I am trying to use a Python script in a flow, but it seems very slow to load the data into the Python node. The flow 2 nodes long - CSV Reader node followed by the Python Script node.
This takes over a minute for about 1800 columns X 1700 rows. When I run the same Python code in a shell it loads and executes almost instantaneously. My impression is that the problem is during the loading of the data from the KNIME CSV reader into the Python script (i.e. before the actual Python code executes).
The script looks like this:
# select a subset of the variables
dat1 = input_table.iloc[:, :1780]
# select another subset of the variables
dat2 = input_table.iloc[:, 1855:]
#output where varX = 1
output_table = dat1[dat2.varX == 1]
Any thought how I can speed this up? Is it something to do with the loading of the data into Python from Knime? Or something else?
I am using KNIME 3.1 in windows with Python 2.7 installed with Anaconda 2. Same issue also on a Mac.
from your code, I assume you are using the KNIME Python scripting nodes but not the community Python scripting nodes. Is that correct?
I just can tell you, that in case of the community python nodes, the data has to be written to a temporary file before python can load the data and run the script. I don't know the mechanisms of the KNIME Python nodes but it case it works similar, this would explain the problem...
If you have the source as CSV anyway, it might be a good idea to load the path of that file into knime (List Files node will help) and just pass the file-path to python. Then python can read in in the data directly and you would save one read/write process of the whole data.
Thanks for the reply.
You are correct I am using the KNIME Python scripting node - I have just realised that maybe this should have gone in the general forum rather than the Community one. I was using a CSV for testing - usually thedata will come from a database. I was just surprised how long it seemed to take for the data to load into a Python structure before the Python code actually started.
I will resubmit the question in the KNIME general forum as I don't think my problem is specifc to the Community Pythn node.
It doesn't **seem** slow, it actually is!

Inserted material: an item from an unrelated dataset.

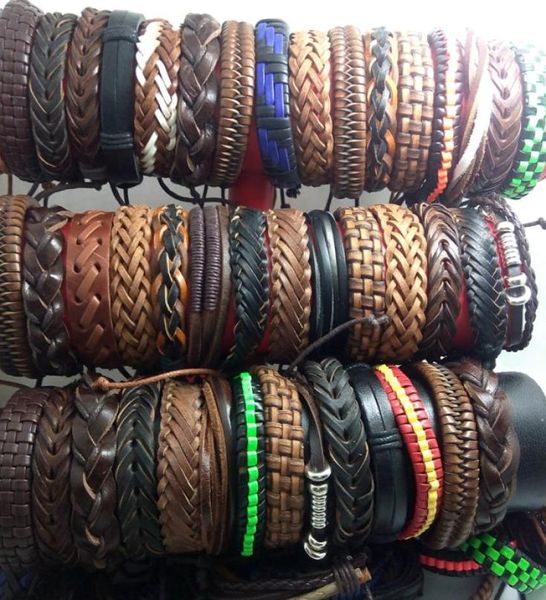 Entier 100 pcs Hommes Femmes Vintage Bracelets En Cuir Véritable Surfeur Bracelets De Manchette Cadeau De Fête Style Mixte Bijoux De Mode Lots8645899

Apparently something strange on version 3 as it was not an issue on v2 (I just upgraded).
It indeed takes forever to load data into Python and the execution is as fast as usual.
If anyone has an idea...
I have a python script that generates a table with 400,000 elements, the script when run stand-alone takes 126s (including dataframe.to_csv), but as a Knime node, it takes over 2 hours.
BTW, seems really slow from [R] as well.